*Exercise details:* Please repeat only the lines below starting at the line that holds "dynamite-baits-dynanite-bait-robin-red-groundbait-900g" and ending at the line that holds "Glendale, AZ 85304", exactly, with both of those lines included and every picture omitted.

[Opening Dataset entries section]

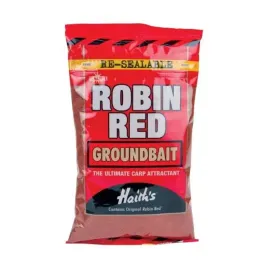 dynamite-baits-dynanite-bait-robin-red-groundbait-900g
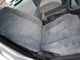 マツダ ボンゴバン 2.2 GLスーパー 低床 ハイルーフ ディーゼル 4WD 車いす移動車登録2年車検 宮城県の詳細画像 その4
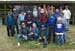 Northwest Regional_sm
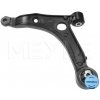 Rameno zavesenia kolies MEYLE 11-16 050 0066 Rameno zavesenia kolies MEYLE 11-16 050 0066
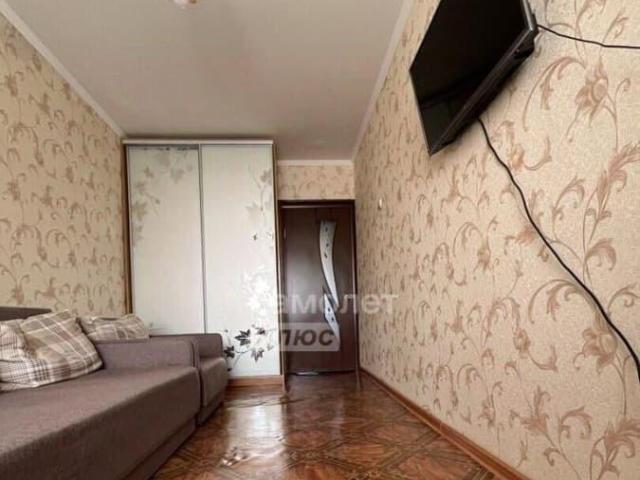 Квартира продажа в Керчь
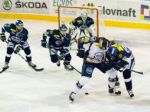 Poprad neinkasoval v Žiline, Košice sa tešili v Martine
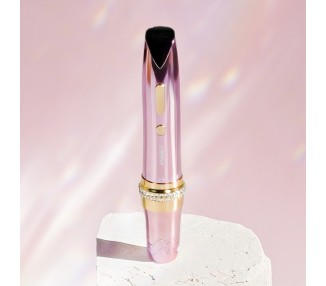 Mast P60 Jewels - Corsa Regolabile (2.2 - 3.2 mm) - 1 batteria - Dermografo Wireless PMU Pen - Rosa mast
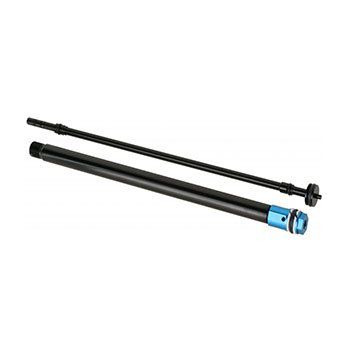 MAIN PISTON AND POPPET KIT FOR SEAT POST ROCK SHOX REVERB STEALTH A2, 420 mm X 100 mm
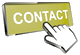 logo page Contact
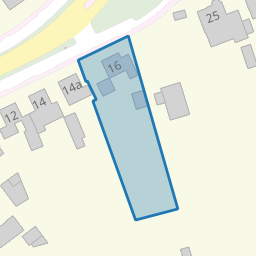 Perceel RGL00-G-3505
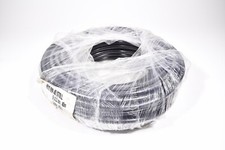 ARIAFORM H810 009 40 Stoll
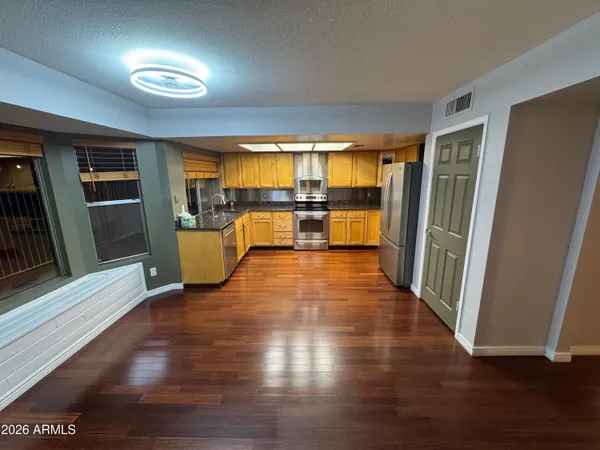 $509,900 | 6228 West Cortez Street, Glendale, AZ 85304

[Closing Dataset entries section]
[Opening Dataset entries section]

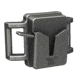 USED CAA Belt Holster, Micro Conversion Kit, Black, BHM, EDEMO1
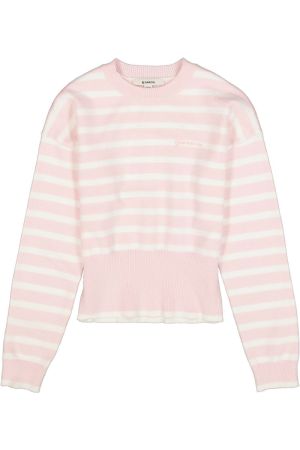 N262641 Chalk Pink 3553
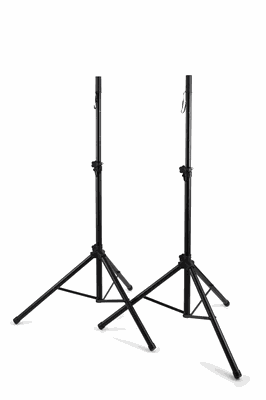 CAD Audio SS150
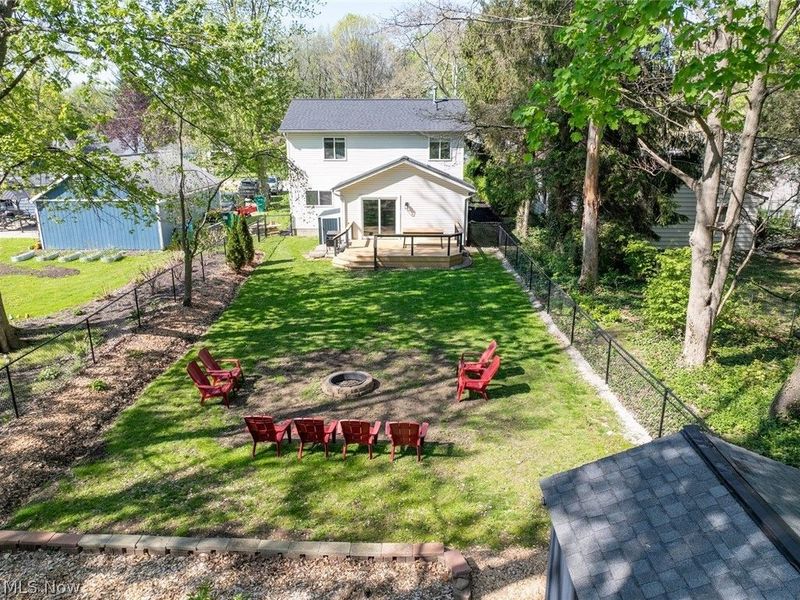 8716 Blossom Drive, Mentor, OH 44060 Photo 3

[Closing Dataset entries section]

*Answer for the task:*
 dynamite-baits-dynanite-bait-robin-red-groundbait-900g
 マツダ ボンゴバン 2.2 GLスーパー 低床 ハイルーフ ディーゼル 4WD 車いす移動車登録2年車検 宮城県の詳細画像 その4
 Northwest Regional_sm
 Rameno zavesenia kolies MEYLE 11-16 050 0066 Rameno zavesenia kolies MEYLE 11-16 050 0066
 Квартира продажа в Керчь
 Poprad neinkasoval v Žiline, Košice sa tešili v Martine
 Mast P60 Jewels - Corsa Regolabile (2.2 - 3.2 mm) - 1 batteria - Dermografo Wireless PMU Pen - Rosa mast
 MAIN PISTON AND POPPET KIT FOR SEAT POST ROCK SHOX REVERB STEALTH A2, 420 mm X 100 mm
 logo page Contact
 Perceel RGL00-G-3505
 ARIAFORM H810 009 40 Stoll
 $509,900 | 6228 West Cortez Street, Glendale, AZ 85304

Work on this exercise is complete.